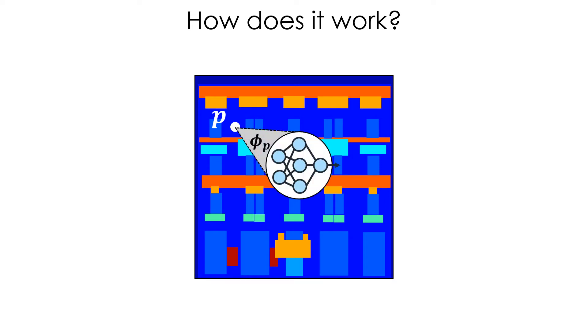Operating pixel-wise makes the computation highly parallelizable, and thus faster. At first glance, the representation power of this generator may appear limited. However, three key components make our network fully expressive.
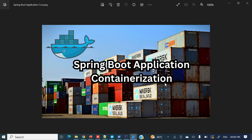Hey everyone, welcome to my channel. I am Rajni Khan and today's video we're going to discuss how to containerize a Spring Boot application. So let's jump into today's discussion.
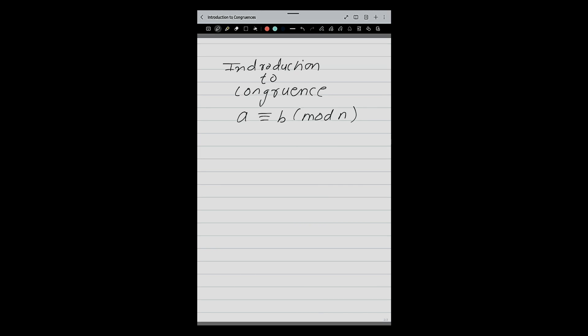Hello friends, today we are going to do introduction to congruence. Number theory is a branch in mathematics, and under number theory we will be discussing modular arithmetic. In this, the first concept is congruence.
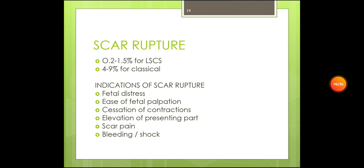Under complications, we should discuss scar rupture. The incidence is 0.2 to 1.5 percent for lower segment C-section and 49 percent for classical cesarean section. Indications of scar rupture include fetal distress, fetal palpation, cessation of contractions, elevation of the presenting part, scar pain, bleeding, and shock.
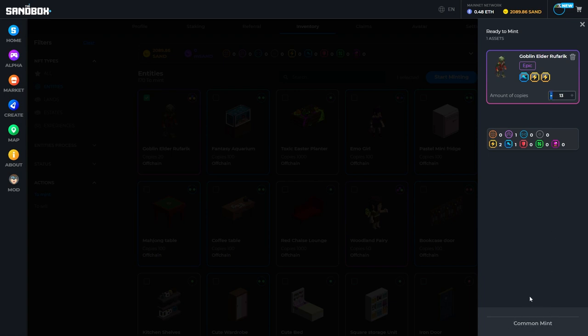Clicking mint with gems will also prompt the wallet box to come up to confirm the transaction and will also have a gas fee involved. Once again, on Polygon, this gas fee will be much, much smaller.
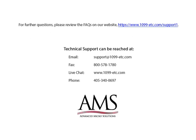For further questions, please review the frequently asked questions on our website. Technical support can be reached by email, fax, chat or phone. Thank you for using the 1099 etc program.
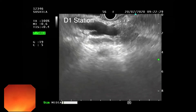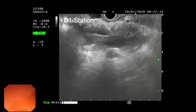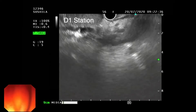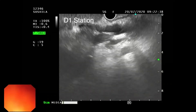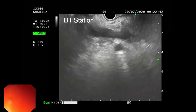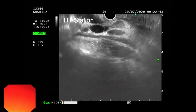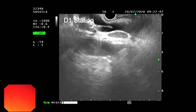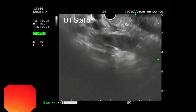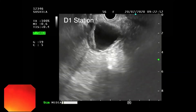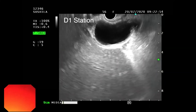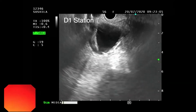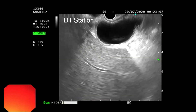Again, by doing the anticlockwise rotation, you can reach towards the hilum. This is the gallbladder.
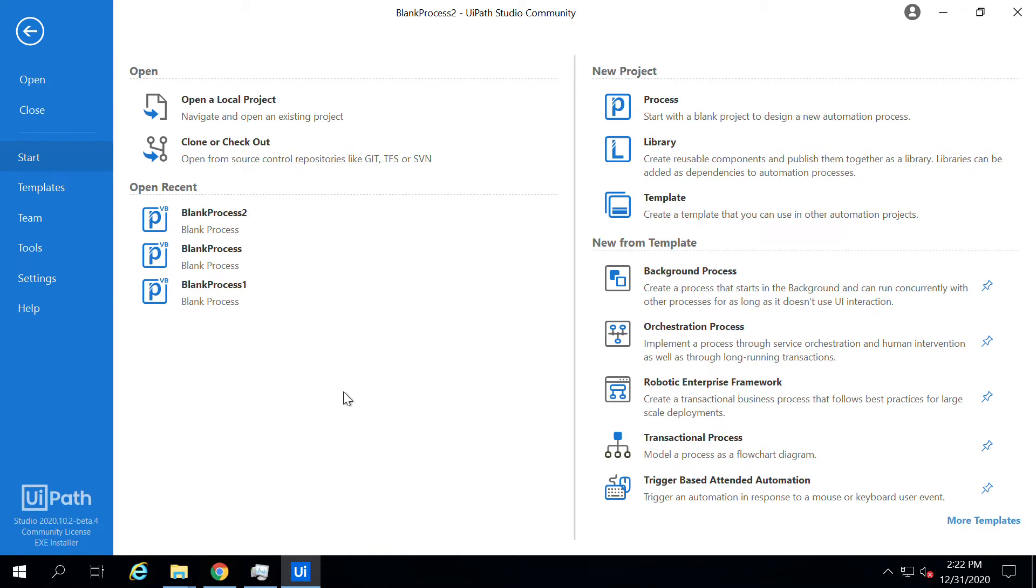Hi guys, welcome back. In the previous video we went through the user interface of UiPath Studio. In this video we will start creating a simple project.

◆ **WHAT YOU HAVE TO DO**:
In the records above, find the line containing "For further questions, please", then write out exactly that line and every later one through the last, omitting pictures.

◆ **RESPONSE AREA**:
For further questions, please review the frequently asked questions on our website. Technical support can be reached by email, fax, chat or phone. Thank you for using the 1099 etc program.
Again, by doing the anticlockwise rotation, you can reach towards the hilum. This is the gallbladder.
Hi guys, welcome back. In the previous video we went through the user interface of UiPath Studio. In this video we will start creating a simple project.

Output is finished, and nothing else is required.